Closed vluechinger closed 4 years ago
From the two links below, I would add to the statement above: During BERT fine-tuning, none of the layers are frozen. This means that (with BERT base) all 12 pre-trained layers are trained again with the new task-specific parameters.
This could be the difference we have been looking for. For CV models, it may be more common to specify at least a couple frozen layers.
https://yashuseth.blog/2019/06/12/bert-explained-faqs-understand-bert-working/ https://www.quora.com/What-is-the-difference-between-transfer-learning-and-fine-tuning
I think this medium post cover everything: https://towardsdatascience.com/a-comprehensive-hands-on-guide-to-transfer-learning-with-real-world-applications-in-deep-learning-212bf3b2f27a
some simple answer from here as well: https://stats.stackexchange.com/questions/343763/fine-tuning-vs-transferlearning-vs-learning-from-scratch
In general, transfer learning refers to the process of pre-training a model on a specific task which can be kept general (in the case of nlp to get a good sense of a language) or very specific. Transfer learning comes in when this pre-trained model is used further down the line for a different task and/or a different domain. The pre-trained model can be fine-tuned on a new dataset and a new training task which basically means that the weights resulting from pre-training are used as a starting ground for the fine-tuning model. This is done by attaching a head on top of the pre-trained model which satisfies the target task.
This process can be extremely helpful if data is scarce in the target domain or if the target task requires a complex understanding of the underlying concepts. Models and data from domains with more abundance can be used to create better models for the specific problem.

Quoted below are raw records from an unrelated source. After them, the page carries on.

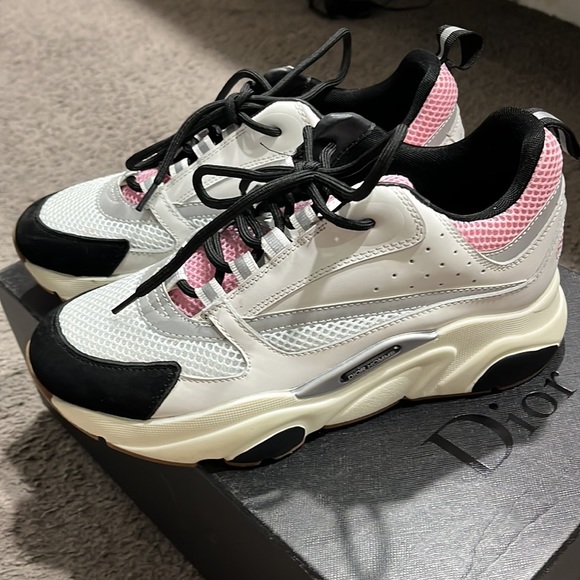 COPY - DIOR HOMME SNEAKER BLACK WHITE PINK GOOD CONDITION PRICE IS FIRM - Picture 3 of 4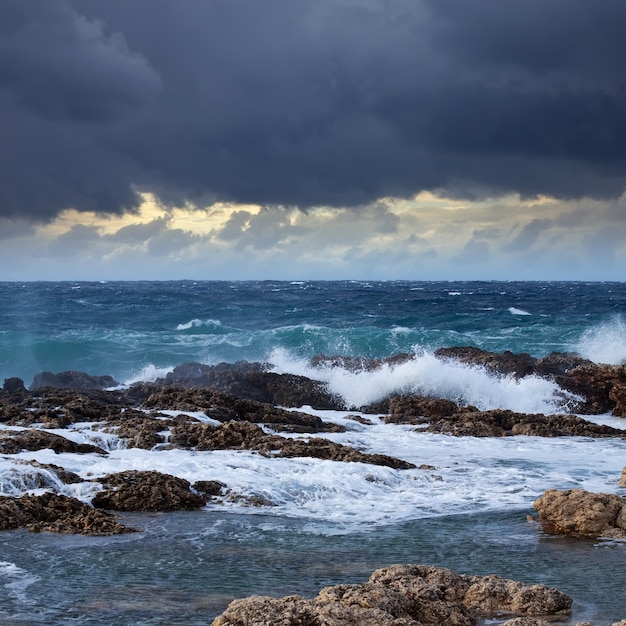 Ola de mar rompiendo contra la costa roca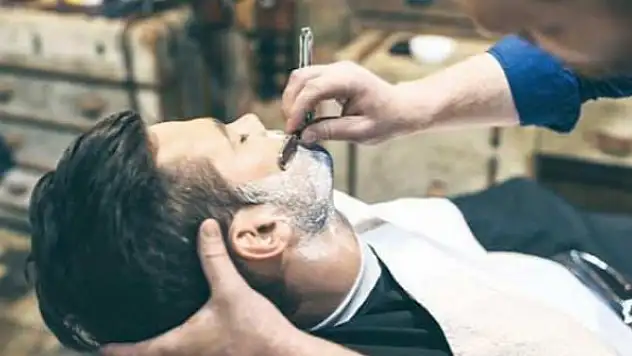 Virüse karşı sinekkaydı tıraşı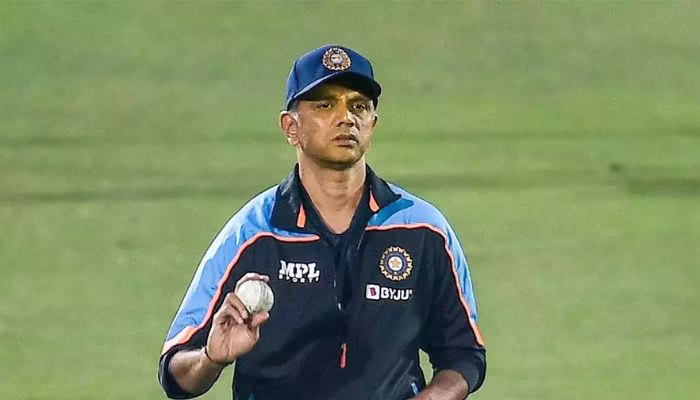 Sunil Gavaskar hits back at Rahul Dravid for his 'overseas average' reply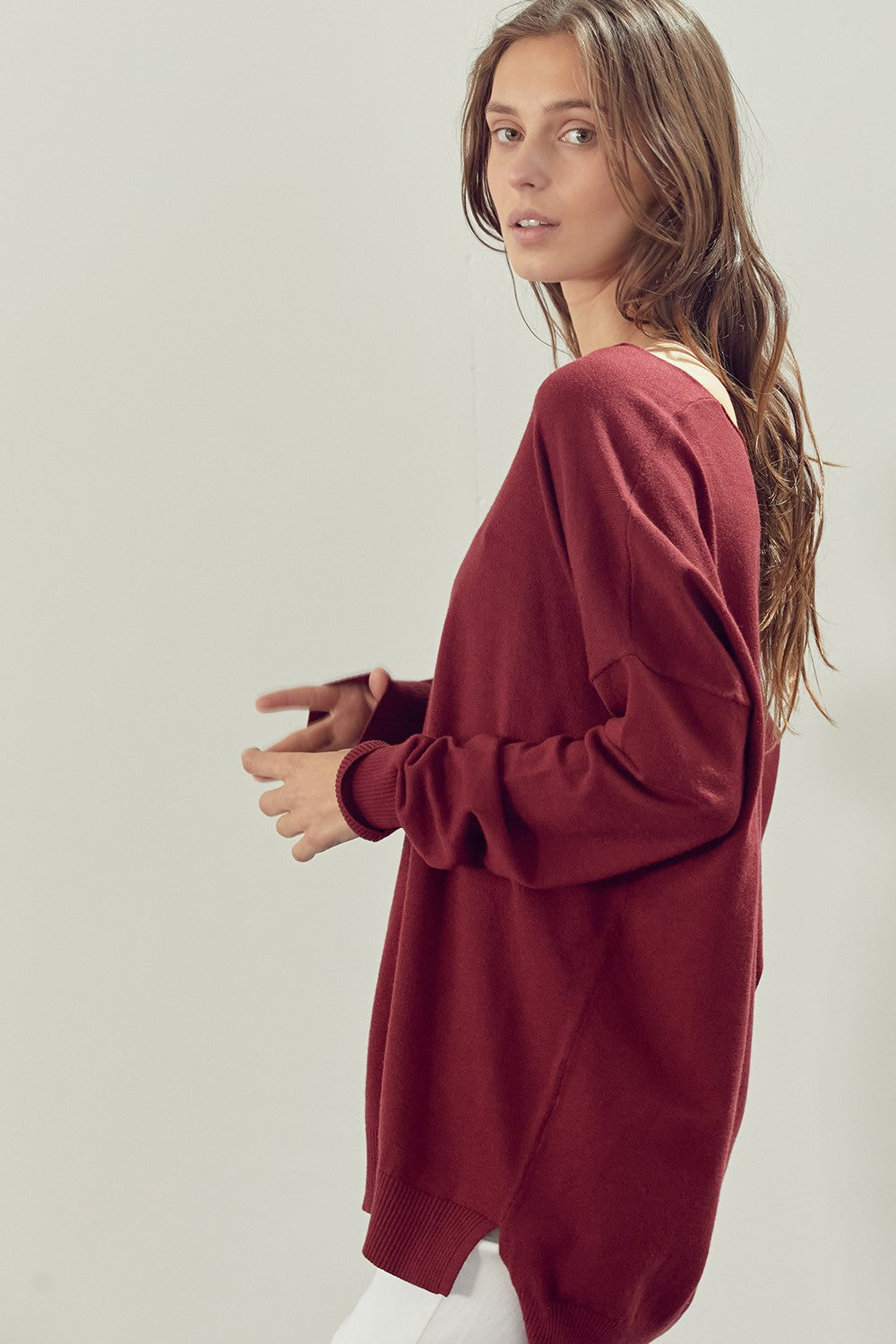 Soft Basic V-neck Pullover
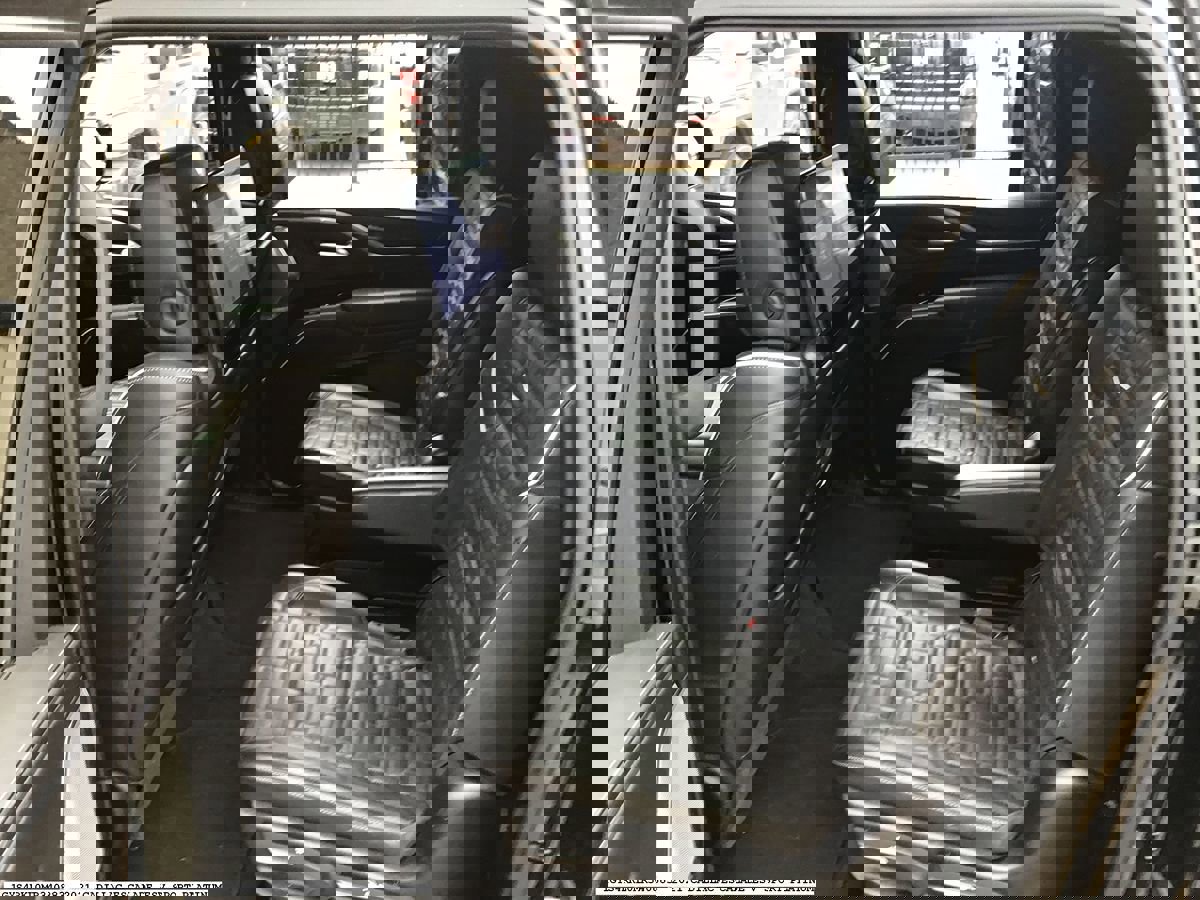 Used 2021 Cadillac Escalade ESV Sport Platinum image 13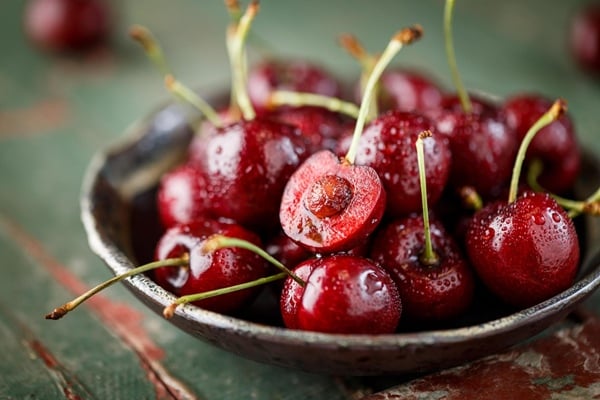 Tiểu đường thai kỳ nên ăn trái cây gì thì mẹ đừng bỏ qua quả cherry nhé!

There are lots of different types of transfer learning in NLP. The type we focus on is sequential transfer learning since we both change the domain and the task. For more information: https://ruder.io/thesis/neural_transfer_learning_for_nlp.pdf
Presumably, there is a difference in how to look at transfer learning in computer vision and natural language processing. In CV, the description above should match. For NLP however, it is disputable whether only the weights from the pre-trained model are carried over. The process of fine-tuning the model simply takes too long if the only thing that got computed was the classification head. Our hypothesis is that BERT itself (as the pre-trained model) is re-trained to some extent. It is clear, however, that BERT is not fully retrained which would take up way too much time.
@tarrade: Can you review this and enhance it with your thoughts?